Laughing when you want to cry

tig-notaro-live1.jpg Like so many millions of other people on Twitter, I saw Louis CK’s tweet earlier this month about comedian Tig Notaro’s stand-up performance at a comedy club in Los Angeles, just a few hours after she was told she has breast cancer, which came on the heels of her mother falling down, hitting her head and dying, which came right after her relationship broke up, just after she battled an infection that almost killed her.

How do you start a comedy set hours after you’ve been told you have cancer?

How about, “Good evening, hello. I have cancer. How are you?”

Louis CK writes


What followed was one of the greatest standup performances I ever saw. I can’t really describe it but I was crying and laughing and listening like never in my life. Here was this small woman standing alone against death and simply reporting where her mind had been and what had happened and employing her gorgeously acute standup voice to her own death.

The show was an amazing example of what comedy can be. A way to visit your worst fears and laugh at them. Tig took us to a scary place and made us laugh there. Not by distracting us from the terror but by looking right at it and just turning to us and saying “wow. Right?”. She proved that everything is funny. And has to be. And she could only do this by giving us her own death as an example.

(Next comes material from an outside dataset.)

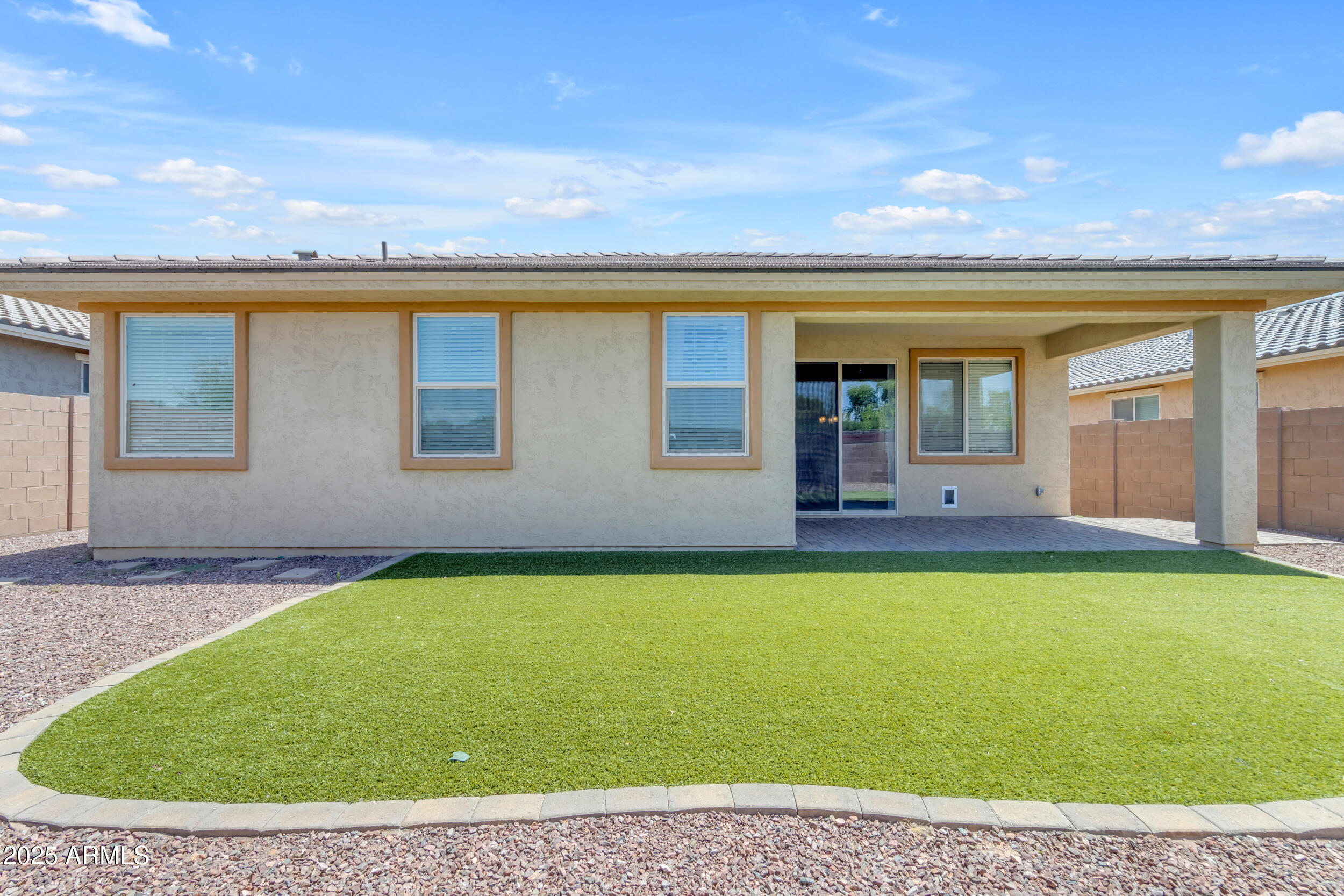 2704 E AUGUSTA Avenue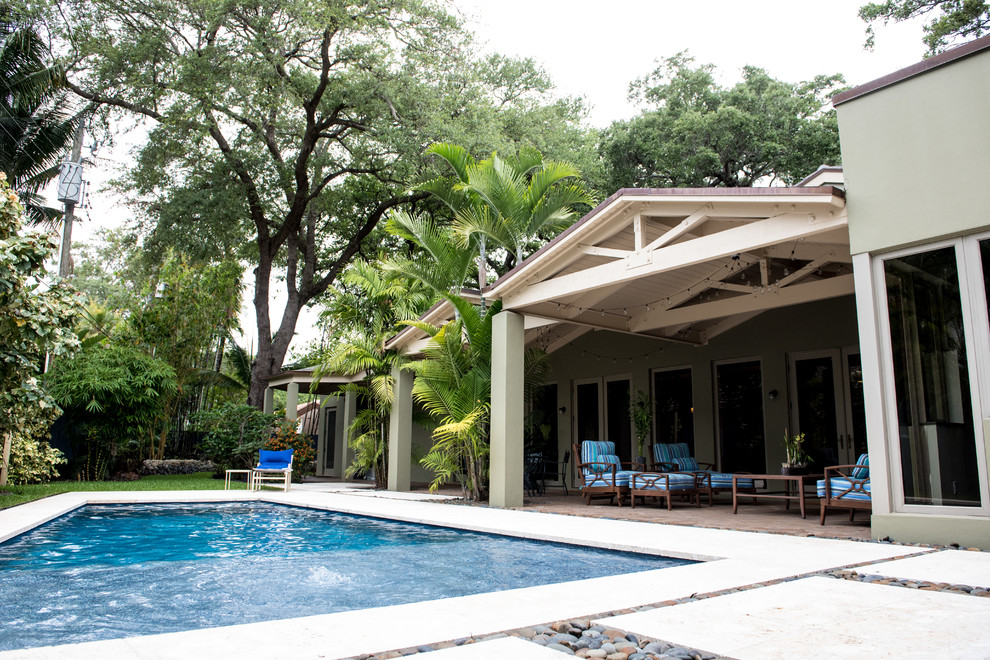 Foto de casa de la piscina y piscina alargada tradicional renovada grande rectangular en patio trasero con adoquines de hormigón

So generous.

I’ve heard her Public Radio interviews about the performance — and about the cancer — but until today, I hadn’t bought the performance, which Louis CK provided on his website for $5.

It was, indeed, a stunning performance that forces the listener to confront how — or even, whether — we press on through the times.


“God never gives you more than you can handle. I picture God going, ‘You know what?I think she can take a little more.’

And then the angels are standing back going, ‘God, what are you doing? You are out of your mind.’

And God is like, ‘No, no, no. I really think she can handle this.’

‘Why God? Why?’

‘No, well, you know, just trust me on this. She can handle this’

“God is insane… if there at all.”

You’ll want to spend the time today to listen to this episode of Fresh Air that aired a few weeks ago…

This is a topic — reacting to the worst news you can get — that had already gotten my attention this week anyway. A colleague of ours at MPR revealed that her husband’s cancer has metastasized into his brain and they had decided he would transition to hospice.

She relayed on her Caring Bridge site how he reacted when the doctor gave them the horrible news.

“Okey-dokey,” he said.

  • Ali

    Timely. Just last Sunday the Strib profiled my friend Colin Farbotko, who passed away Oct 15 of ALS. His coping mechanism was also humor. I’m always impressed by those who can face terrible news with grace.

    Here’s his obit, which hopefully displayed Colin’s personality to the max!

    And his blog, for anyone who’s up for a little ALS humor.

  • Mike C.

    Thanks for this Bob… just, thanks.

  • Heather

    Bob, I heard Steve Seele dedicate “Just Breathe” to them, and it brought me to tears. He didn’t say what prompted the dedication, but it had this incredible weight to it. Thank you for the clue. I wish them both comfort.